Young mother Ashley Holloway was killed a few blocks away. The 27-year-old was shot after she and her male companion got into an argument with another group at a party store.
The pair drove away. The other group pursued and shot her in the head. She died a few days later after being taken off life support.
Members of Detroit’s Muhammad Mosque No. 1 walked door-to-door, talking to residents. They distributed 250 Stop the Beef Crisis Cards in 95 degree weather–especially significant as they were fasting from food and water during Ramadan, the Muslim holy month.
“I’m glad to see the Nation out in the community. What y’all are doing is needed, and I like this service,” commented Karen, a 40-year-old resident. She shared how her daughter was car-jacked in their driveway and how she, too, decided to take back her community that day.
As part of their efforts to curb conflicts among youth at early ages, Mosque No. 54 in the Western Region, is holding a summer camp for youth.
Muhammad’s Day Camp is for Muslim children and those from the community, said Student Minister Robert Muhammad. The camp is the brainchild of Van Muhammad. His daughter, Maryam, helps in the effort. Both are teachers.
The camp hosts children ages 5-12 from the mosque and community from 7 a.m. to 6 p.m. Older youth serve as volunteers. “We believe that by having families interact this way with the mosque, we can familiarize more people with the lifestyle, principles and habits of a civilized culture and once the parents see this, they will want to see and become familiar with a way of life that will prevent their children from falling into the culture of death,” he told The Final Call.
He thanked Student Captain Richard Muhammad, and Van Muhammad, and his daughter Maryam. “Without their help, we couldn’t do what we do,” Min. Robert Muhammad said.
“We have set out to carry out the instructions of our leader, and I believe we are well on our way to bringing an answer to our communities’ problem of self-destruction,” he added.
In Tampa, Fla., over 150 people attended a free Stop The Killing Tour and community event, organized by the New Black Panther Party of Tampa Bay.
Participants included Connie Burton, a local freedom fighter, BYC (Building Your Community), a non-profit that helps make neighborhoods decent and safe, Chad Muhammad, Min. Farrakhan’s representative at the Muhammad Tampa Study Group, and other organizers and talent.

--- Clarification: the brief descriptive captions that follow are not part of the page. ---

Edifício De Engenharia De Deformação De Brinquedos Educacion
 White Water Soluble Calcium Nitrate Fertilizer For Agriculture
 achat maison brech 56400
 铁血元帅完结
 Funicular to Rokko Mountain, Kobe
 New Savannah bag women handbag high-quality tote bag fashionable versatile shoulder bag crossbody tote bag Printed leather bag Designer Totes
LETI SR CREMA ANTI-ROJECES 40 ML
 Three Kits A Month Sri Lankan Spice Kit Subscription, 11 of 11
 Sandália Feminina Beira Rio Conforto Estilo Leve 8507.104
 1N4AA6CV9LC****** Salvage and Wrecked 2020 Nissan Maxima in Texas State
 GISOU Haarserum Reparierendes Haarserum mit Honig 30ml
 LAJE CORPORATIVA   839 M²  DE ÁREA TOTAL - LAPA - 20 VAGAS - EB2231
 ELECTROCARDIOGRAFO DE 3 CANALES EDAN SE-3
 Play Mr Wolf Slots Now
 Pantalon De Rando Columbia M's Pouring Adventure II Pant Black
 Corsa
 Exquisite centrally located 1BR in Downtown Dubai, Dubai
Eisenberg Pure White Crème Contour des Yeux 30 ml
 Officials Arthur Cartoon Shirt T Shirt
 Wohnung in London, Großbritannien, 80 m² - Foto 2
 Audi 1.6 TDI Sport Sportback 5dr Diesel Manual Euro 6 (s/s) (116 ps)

Minister Hashim Nzinga, national chairman of the New Black Panther Party, was keynote speaker. He praised Min. Farrakhan and his 1989 “Stop the Violence” call. That was the catalyst for the Tampa event, he said.
“The reason our children are killing each other is because they forgot our great history makers who changed the course of the world we live in,” said Min. Nzinga.
In Milwaukee, Fruit of Islam Capt. Dennis Muhammad visited Mercy Memorial Baptist Church in Milwaukee, Wisc., in June to teach and train Peacemakers during his 10,000 Fearless tour.
Six hour workshops consisted of CPR training, self-defense, conflict resolution, non-violent crisis intervention training and the proper handling of people.
At Mosque No. 60 in Nashville, Tn., the 10,000 Fearless ranks are growing. Members have started Youth Sunday, with community organizers attending mosque meetings and sharing their vision and the work of the 10,000 Fearless.
Jaffee Judah, president of AAMM LYFE (Anybody Aiming to Motivate Millions), spoke at the meeting.
The former gang member now “Bangs 4 Liberation.” He has turned his life around and now reaches out to help others avoid his mistakes.
Other Youth Sunday speakers have included Amir Muhammad, Tariq Muhammad (who assists with the farming plots at Tennessee State University), Samuel X, and Karimah Muhammad who works with the Local Organizing Committee’s “Money Mob,” which floods Black businesses with patrons.
Tennessee’s 10,000 Fearless activities included Fruit of Islam and Muslim women giving away fans during the hot summer months and a “How to Eat to Live” seminar conducted by Muslim women, who offered healthy dishes and recipes.
(Mahalieka Muhammad of Detroit, Wanda Muhammad of Tampa, Fla., Flarrie K. Muhammad of Nashville, Tenn., Dwayne X of Milwaukee, and Kennata Muhammad of Atlanta, Ga. contributed to this report.)